Annibale Carracci, (born November 3, 1560, Bologna, Papal States [Italy] - died July 15, 1609, Rome), Italian painter who was influential in recovering the classicizing tradition of the High Renaissance from the affectations of Mannerism.
He was the most talented of the three painters of the Carracci family.
The sons of a tailor, Annibale and his older brother Agostino were at first guided by their older cousin Lodovico, a painter who persuaded them to follow him in his profession.
Annibale’s precocious talents developed in a tour of northern Italy in the 1580s, his visit to Venice being of special significance.
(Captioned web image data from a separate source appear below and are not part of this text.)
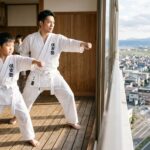 麻生の五差路や石狩方面の景色を背景に小学生と社会人が凛々しく型を披露する空手教室（札幌市北区・石狩市・空手道住吉塾）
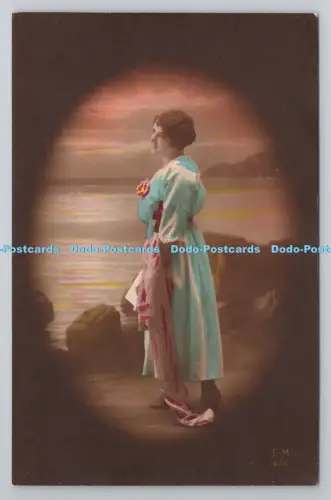 R804668 Frau steht am Meer. Chipault. Boulogne S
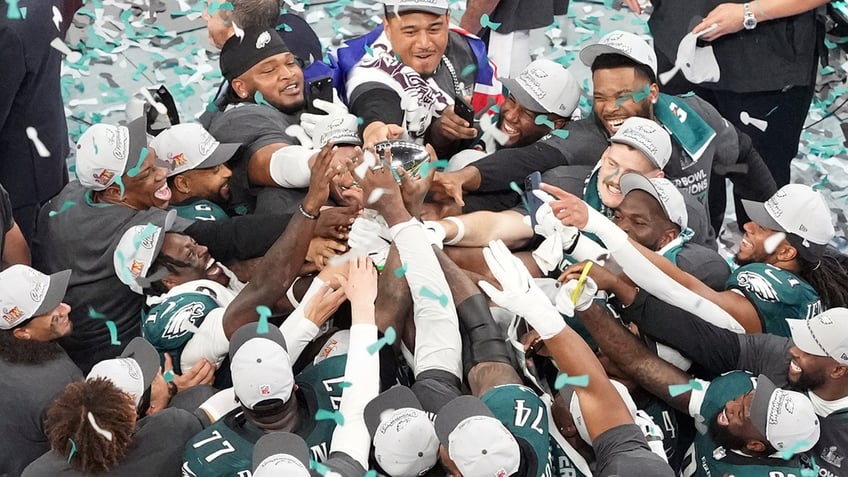 Eagles touch Lombardi Trophy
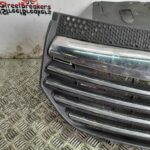 RENAULT TRAFIC / VAUXHALL VIVARO FRONT RADIATOR GRILLE BLACK/SILVER 2014 to 2019 - Image 3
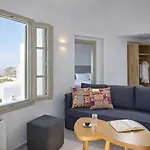 Hotiday Santorini Otel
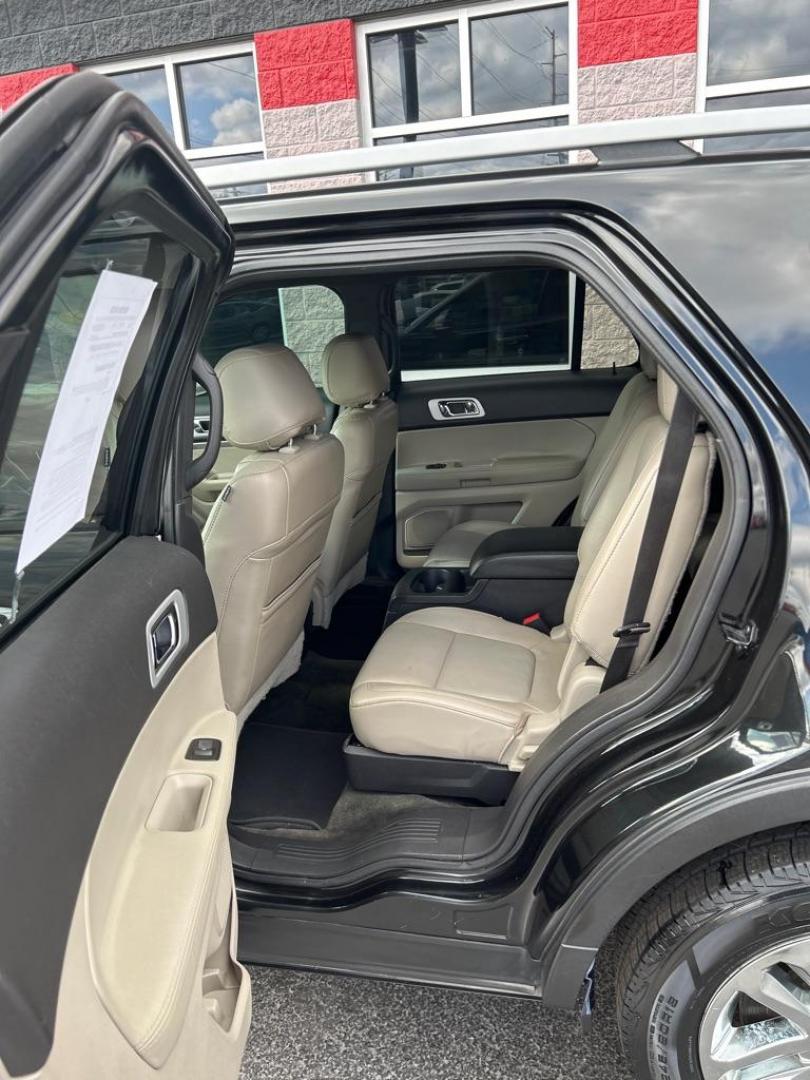 2015 BLACK FORD EXPLORER XLT (1FM5K7D83FG) with an 3.5L engine, Automatic transmission, located at 3100 Covert Avenue, Evansville, IN, 47714, (812) 473-4492, 37.955418, -87.512238 - Photo#3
He is said to have lodged in that city with the painter Jacopo Bassano, whose style of painting influenced him for a time. Annibale may be credited with the rediscovery of the early 16th-century painter Correggio, who had been effectively forgotten outside Parma for a generation; Annibale’s Baptism of Christ (1585) for the Church of San Gregorio in Bologna is a brilliant tribute to this Parmese master.
Back in Bologna, Annibale joined Agostino and Lodovico in founding a school for artists called the Accademia degli Incamminati. The Enthroned Madonna with St. Matthew (1588) Annibale painted for the Church of San Prospero, Reggio, displays two of the most persistent characteristics of his art: a noble classicizing strain combined with a genial and bucolic tone.
By the time Annibale collaborated with the other two Carracci on frescoes in the Palazzo Magnani (now the Palazzo Salem; 1588–90) and two other noble houses in Bologna, he had become the leading master among them. His orderly and airy landscapes in these palaces helped initiate that genre as a principal subject in Italian fresco painting.
In 1595 Annibale went to Rome to work for the rich young cardinal Odoardo Farnese, who wanted to decorate with frescoes the principal floor of his palace, which was one of the most splendid in Rome. In that city Annibale turned eagerly to the study of Michelangelo, Raphael, and ancient Greek and Roman art in order to adapt the style he had formed in the artistic centres of northern Italy to his new surroundings.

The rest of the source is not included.